**Brief**
Retype the whole of the data exactly.

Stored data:
■ ■ ■ ■
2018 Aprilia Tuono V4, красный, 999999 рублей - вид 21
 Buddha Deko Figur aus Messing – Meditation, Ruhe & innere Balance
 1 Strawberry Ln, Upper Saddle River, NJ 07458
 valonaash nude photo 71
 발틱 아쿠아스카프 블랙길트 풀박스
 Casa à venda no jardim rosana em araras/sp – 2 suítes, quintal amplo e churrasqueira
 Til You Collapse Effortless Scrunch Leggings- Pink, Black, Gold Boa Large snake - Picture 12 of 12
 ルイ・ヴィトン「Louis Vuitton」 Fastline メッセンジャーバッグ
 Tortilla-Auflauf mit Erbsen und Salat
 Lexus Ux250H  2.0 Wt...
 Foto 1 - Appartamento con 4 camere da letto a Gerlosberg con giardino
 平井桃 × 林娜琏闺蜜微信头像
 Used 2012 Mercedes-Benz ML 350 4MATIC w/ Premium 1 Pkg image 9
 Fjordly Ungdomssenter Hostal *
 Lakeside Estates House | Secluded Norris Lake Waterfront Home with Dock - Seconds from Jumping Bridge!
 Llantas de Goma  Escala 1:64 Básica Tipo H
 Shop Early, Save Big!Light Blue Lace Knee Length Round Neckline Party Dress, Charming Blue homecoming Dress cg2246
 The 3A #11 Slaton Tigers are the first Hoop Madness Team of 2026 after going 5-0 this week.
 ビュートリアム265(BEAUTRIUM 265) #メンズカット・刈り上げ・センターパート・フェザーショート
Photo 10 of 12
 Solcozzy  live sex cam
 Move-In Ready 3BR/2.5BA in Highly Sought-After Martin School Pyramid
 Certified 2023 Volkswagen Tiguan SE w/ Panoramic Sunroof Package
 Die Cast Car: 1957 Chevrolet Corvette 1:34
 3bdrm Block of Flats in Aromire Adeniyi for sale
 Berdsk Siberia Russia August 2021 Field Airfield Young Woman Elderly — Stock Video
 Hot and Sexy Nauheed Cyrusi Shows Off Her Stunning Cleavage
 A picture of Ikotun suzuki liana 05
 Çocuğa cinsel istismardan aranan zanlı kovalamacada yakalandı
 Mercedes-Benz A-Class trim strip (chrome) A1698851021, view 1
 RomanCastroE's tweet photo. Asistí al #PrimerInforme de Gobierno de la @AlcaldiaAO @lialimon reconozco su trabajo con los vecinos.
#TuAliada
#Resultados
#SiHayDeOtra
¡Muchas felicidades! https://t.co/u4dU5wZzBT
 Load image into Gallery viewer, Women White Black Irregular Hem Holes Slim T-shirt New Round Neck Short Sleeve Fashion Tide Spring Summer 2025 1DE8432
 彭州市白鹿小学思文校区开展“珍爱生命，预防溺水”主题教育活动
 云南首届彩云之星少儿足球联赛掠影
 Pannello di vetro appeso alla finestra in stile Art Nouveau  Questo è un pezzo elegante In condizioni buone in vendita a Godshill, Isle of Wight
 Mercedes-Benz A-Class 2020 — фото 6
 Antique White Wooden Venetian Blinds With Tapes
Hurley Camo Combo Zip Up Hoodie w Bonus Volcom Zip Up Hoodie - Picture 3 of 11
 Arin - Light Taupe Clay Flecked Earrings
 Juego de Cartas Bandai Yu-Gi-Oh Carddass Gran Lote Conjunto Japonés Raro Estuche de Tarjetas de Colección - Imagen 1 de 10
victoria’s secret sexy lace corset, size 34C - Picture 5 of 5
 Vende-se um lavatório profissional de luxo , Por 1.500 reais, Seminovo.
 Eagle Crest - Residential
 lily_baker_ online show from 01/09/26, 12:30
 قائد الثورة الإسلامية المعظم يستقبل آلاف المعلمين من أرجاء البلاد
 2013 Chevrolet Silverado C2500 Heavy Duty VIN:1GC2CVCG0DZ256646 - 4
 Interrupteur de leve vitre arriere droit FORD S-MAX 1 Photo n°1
■ ■ ■ ■
**Result of this task**
2018 Aprilia Tuono V4, красный, 999999 рублей - вид 21
 Buddha Deko Figur aus Messing – Meditation, Ruhe & innere Balance
 1 Strawberry Ln, Upper Saddle River, NJ 07458
 valonaash nude photo 71
 발틱 아쿠아스카프 블랙길트 풀박스
 Casa à venda no jardim rosana em araras/sp – 2 suítes, quintal amplo e churrasqueira
 Til You Collapse Effortless Scrunch Leggings- Pink, Black, Gold Boa Large snake - Picture 12 of 12
 ルイ・ヴィトン「Louis Vuitton」 Fastline メッセンジャーバッグ
 Tortilla-Auflauf mit Erbsen und Salat
 Lexus Ux250H  2.0 Wt...
 Foto 1 - Appartamento con 4 camere da letto a Gerlosberg con giardino
 平井桃 × 林娜琏闺蜜微信头像
 Used 2012 Mercedes-Benz ML 350 4MATIC w/ Premium 1 Pkg image 9
 Fjordly Ungdomssenter Hostal *
 Lakeside Estates House | Secluded Norris Lake Waterfront Home with Dock - Seconds from Jumping Bridge!
 Llantas de Goma  Escala 1:64 Básica Tipo H
 Shop Early, Save Big!Light Blue Lace Knee Length Round Neckline Party Dress, Charming Blue homecoming Dress cg2246
 The 3A #11 Slaton Tigers are the first Hoop Madness Team of 2026 after going 5-0 this week.
 ビュートリアム265(BEAUTRIUM 265) #メンズカット・刈り上げ・センターパート・フェザーショート
Photo 10 of 12
 Solcozzy  live sex cam
 Move-In Ready 3BR/2.5BA in Highly Sought-After Martin School Pyramid
 Certified 2023 Volkswagen Tiguan SE w/ Panoramic Sunroof Package
 Die Cast Car: 1957 Chevrolet Corvette 1:34
 3bdrm Block of Flats in Aromire Adeniyi for sale
 Berdsk Siberia Russia August 2021 Field Airfield Young Woman Elderly — Stock Video
 Hot and Sexy Nauheed Cyrusi Shows Off Her Stunning Cleavage
 A picture of Ikotun suzuki liana 05
 Çocuğa cinsel istismardan aranan zanlı kovalamacada yakalandı
 Mercedes-Benz A-Class trim strip (chrome) A1698851021, view 1
 RomanCastroE's tweet photo. Asistí al #PrimerInforme de Gobierno de la @AlcaldiaAO @lialimon reconozco su trabajo con los vecinos.
#TuAliada
#Resultados
#SiHayDeOtra
¡Muchas felicidades! https://t.co/u4dU5wZzBT
 Load image into Gallery viewer, Women White Black Irregular Hem Holes Slim T-shirt New Round Neck Short Sleeve Fashion Tide Spring Summer 2025 1DE8432
 彭州市白鹿小学思文校区开展“珍爱生命，预防溺水”主题教育活动
 云南首届彩云之星少儿足球联赛掠影
 Pannello di vetro appeso alla finestra in stile Art Nouveau  Questo è un pezzo elegante In condizioni buone in vendita a Godshill, Isle of Wight
 Mercedes-Benz A-Class 2020 — фото 6
 Antique White Wooden Venetian Blinds With Tapes
Hurley Camo Combo Zip Up Hoodie w Bonus Volcom Zip Up Hoodie - Picture 3 of 11
 Arin - Light Taupe Clay Flecked Earrings
 Juego de Cartas Bandai Yu-Gi-Oh Carddass Gran Lote Conjunto Japonés Raro Estuche de Tarjetas de Colección - Imagen 1 de 10
victoria’s secret sexy lace corset, size 34C - Picture 5 of 5
 Vende-se um lavatório profissional de luxo , Por 1.500 reais, Seminovo.
 Eagle Crest - Residential
 lily_baker_ online show from 01/09/26, 12:30
 قائد الثورة الإسلامية المعظم يستقبل آلاف المعلمين من أرجاء البلاد
 2013 Chevrolet Silverado C2500 Heavy Duty VIN:1GC2CVCG0DZ256646 - 4
 Interrupteur de leve vitre arriere droit FORD S-MAX 1 Photo n°1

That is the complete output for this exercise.